You didn't say the magic word
What’s the most interesting thing you could tell us about CPU design, something that a layman could appreciate.
You should know as a software developer I write inefficient code and appreciate all the extra clock cycles we get these days haha.
First a fair warning: I learned this stuff 3 decades ago and I've actually been working as a programmer since then. I do believe the example I'll provide still applies up to a point, though CPUs often implement strategies to make this less of a problem.
=====
CPU's are internally like an assembly line or a processing pipeline, were the processing of an assembly instruction is broken down into a number of steps. A rough example (representative but not exactly for any specific CPU architecture) would be:
- Step 1: fetch assembly instruction from memory
- Step 2: fetch into the CPU data in memory that the instruction requires (if applicable).
- Step 3: execute arithmetic or binary operation (if applicable).
- Step 4: evaluate conditions (if applicable)
- Step 5: write results to memory (if applicable)
Now, if the CPU was waiting for all the steps to be over for the processing of an assembly opcode before starting processing of the next, that would be quite a waste since for most of the time the functionality in there would be available for use but not being used (in my example, the Arithmetic Processing Unit, which is what's used in step #3, would not be used during the time when the other steps were being done).
So what they did was get CPUs to process multiple opcodes in parallel, so in my example pipeline you would have on opcode on stage #1, another that already did stage #1 and is on stage #2 and so on, hence why I also called it an assembly line: at each step a "worker" is doing some work on the "product" and then passing it to the next "worker" which does something else on it and they're all working at the same time doing their thing, only each doing their bit for a different assembly instruction.

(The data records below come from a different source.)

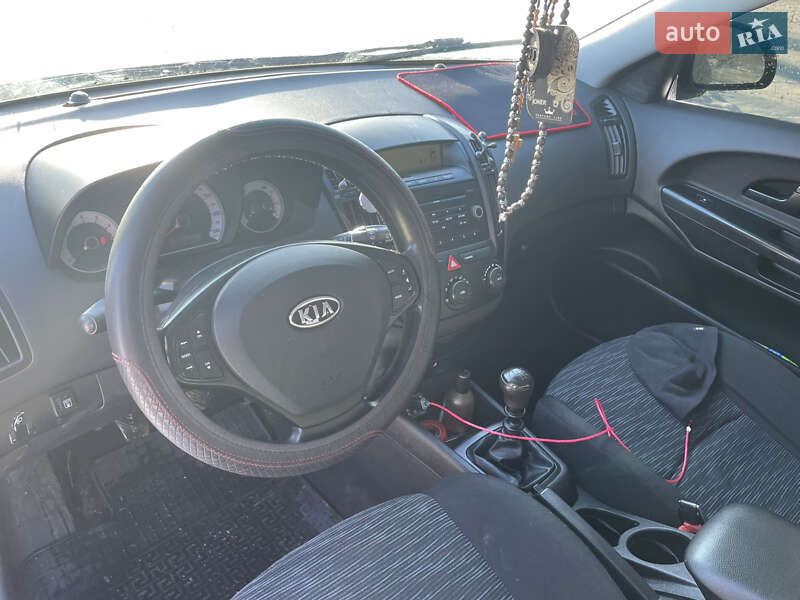 Хэтчбек Kia Ceed 2008 в Коростене фото 11 Хэтчбек Kia Ceed 2008 в Коростене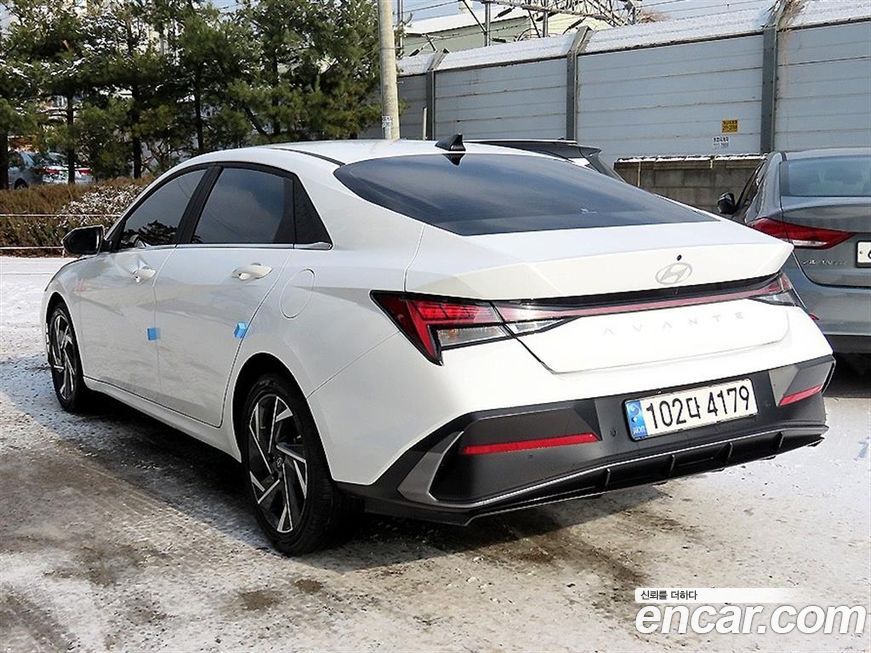 Hyundai AVANTE 2024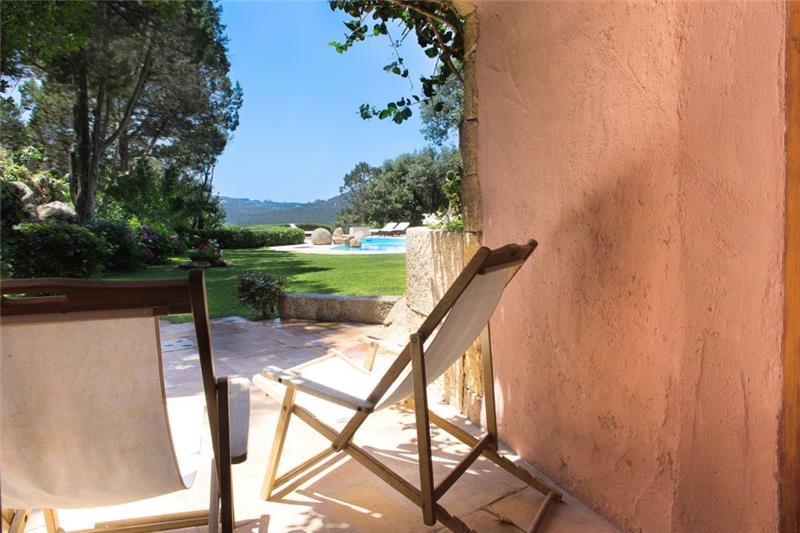 Sea-view villa in Sardinia, photograph 5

The problem with that technique is: what happens if you have an opcode which is a conditional jump (i.e. start processing from another point in memory if a condition is valid: which is necessary to have to implement things like a "for" or "while" loop or jumping over of a block of code in an "if" condition fails)?
Remember, in the my example pipeline the point at which the CPU finally figures out if it should jump or not is almost at the end of the pipeline (step #4), so everything before that in the pipeline might be wrong assembly instructions being processed because, say, the CPU assumed "no-jump" and kept picking up assembly instructions from the memory positions after that conditional-jump instruction but it turns out it does have to jump so it was supposed to be processing instructions from somewhere else in memory.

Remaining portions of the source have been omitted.